I have that same theory. Gonna try it out. Lol!


----------



## Jessica84 (Oct 27, 2011)

Yes it works!!! Lol I had the idea in my head that since I had mostly boys all year long it was gonna keep going to I was prepared for a ton of boys with no color and I got the total opposite lol. In the beginning of the year I just knew I would have cool colors and of course they would be girls, dang was I wrong 


Sent from my iPhone using Goat Forum


----------



## BCG (Jun 30, 2012)

12 days and counting!


----------



## BCG (Jun 30, 2012)

Mocha, a first timer decided she couldn't wait another 4 days. She kidded this morning with a single. And guess what Victoria? It's a paint! But. .....it's also a buck. 









Mocha is a great new mama, but she's not looking real enthused! Lol


----------



## ksalvagno (Oct 6, 2009)

How cute!


----------



## NyGoatMom (Jan 26, 2013)

Congrats


----------



## Crossroads Boers (Feb 19, 2011)

haha. That's really something. I can't believe he's not a doe!!! lol CONGRATS!! Is he out of the same sire as Showboat?


----------



## BCG (Jun 30, 2012)

No, he's out of my buck George who I just sold. George threw some color last year, but mostly just spots. Mocha is a Pick A Number daughter and he threw quite a bit of color, so guessing that's where it came from.


----------



## Crossroads Boers (Feb 19, 2011)

That's awesome.  He looks really thick. Very handsome.


----------



## BCG (Jun 30, 2012)

Thank you.


----------



## BCG (Jun 30, 2012)

Named him Britches, because it looks like he's wearing pants. Haha!


----------



## Crossroads Boers (Feb 19, 2011)

So cute!


----------



## caprinelivin (Mar 6, 2014)

Congratulations! He, they, are gorgeous.


----------



## BCG (Jun 30, 2012)

Only a few days left. .....


----------



## Crossroads Boers (Feb 19, 2011)

I wonder how many paint does she's got in there.....:scratch:onder::lol:


----------



## BCG (Jun 30, 2012)

Bahaha! I'm thinking they are all full of paint does!


----------



## BCG (Jun 30, 2012)

Lacy, the big bellied one, has 2 traditional does on the ground and another on the way. Hope it's a boy!

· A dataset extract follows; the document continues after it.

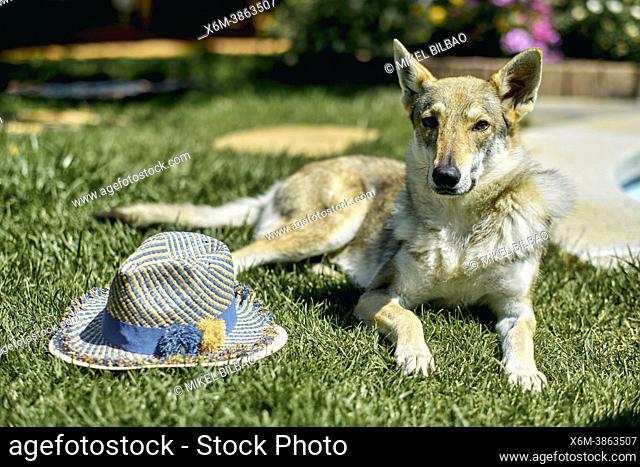 portrait of a wolfdog lying outdoor on the grass in the garden of a house next to a hat looking to the camera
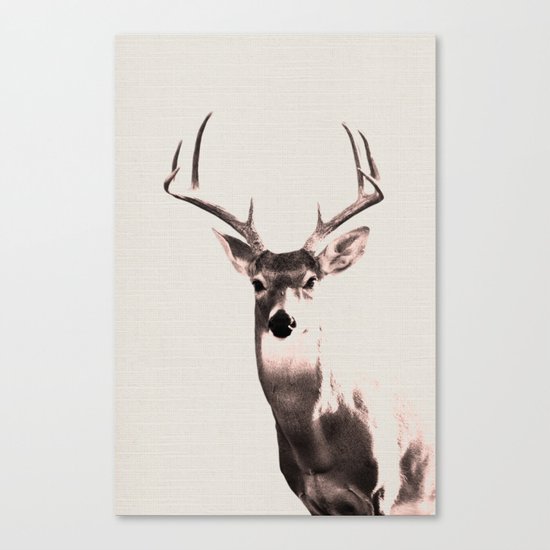 Deer Art 1 Canvas Print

And now Java is in labor too! Yeah!


----------



## Crossroads Boers (Feb 19, 2011)

Really? No paints? lol Come on buck... we know you're in there!


----------



## BCG (Jun 30, 2012)

Haha! So triplet does (all traditional Victoria  ), and so far java has had 2 bucks. Maybe a 3rd coming. ????

Now Adele is in labor! Whoo.....this evening has been a busy one!


----------



## BCG (Jun 30, 2012)

One of the triplet does. She's a little tank. Hehe.  Spunky too, already trying to jump and play at 2 hours old!


----------



## BCG (Jun 30, 2012)

The triplet does.

Adele had triplets too, 1 doe and 2 bucks. Unfortunately the doe was still born.


----------



## PowerPuffMama (Jan 8, 2013)

Wow. So busy. Such beautiful babies. 

How many more to go?

Sorry you lost the doe.


Sent from my iPhone using Goat Forum


----------



## BCG (Jun 30, 2012)

4 down 2 to go.


----------



## J-TRanch (Jan 31, 2014)

Nice looking guy you got there !


Owner/operator
J-T Ranch Dairy Goats
NW KS


----------



## Crossroads Boers (Feb 19, 2011)

Wow, what a day! Glad everything went well! Good job girls!


----------



## BCG (Jun 30, 2012)

Meme had a single, red tail doe at 3am. First ever kid born in the middle of the night! Darn, my streak is broken! Haha! 

Now Miss K is in labor. Of coarse these 2 girls waited for the polar vortex to arrive! Brrrrr!


----------



## ksalvagno (Oct 6, 2009)

Hope the last 2 go well for you. Sorry about the stillborn.


----------



## BCG (Jun 30, 2012)

Miss K had a buck kid and a doeling.  Phew....done kidding till mid December. Now to work on getting a few pics.


----------



## PowerPuffMama (Jan 8, 2013)

WOW! So many babies to care for and love! Congratulations!


Sent from my iPad using Goat Forum


----------



## AnnieJo (Nov 7, 2014)

Wow! That's quite a bunch you got! How many babies total?


----------



## BCG (Jun 30, 2012)

I have 17 currently. More coming in December and January.


----------



## BCG (Jun 30, 2012)

Few pics of Java and her boys


----------



## ksalvagno (Oct 6, 2009)

Too cute!


----------



## PowerPuffMama (Jan 8, 2013)

Boer babies are so cute! I can't wait for some if my own! Congrats again.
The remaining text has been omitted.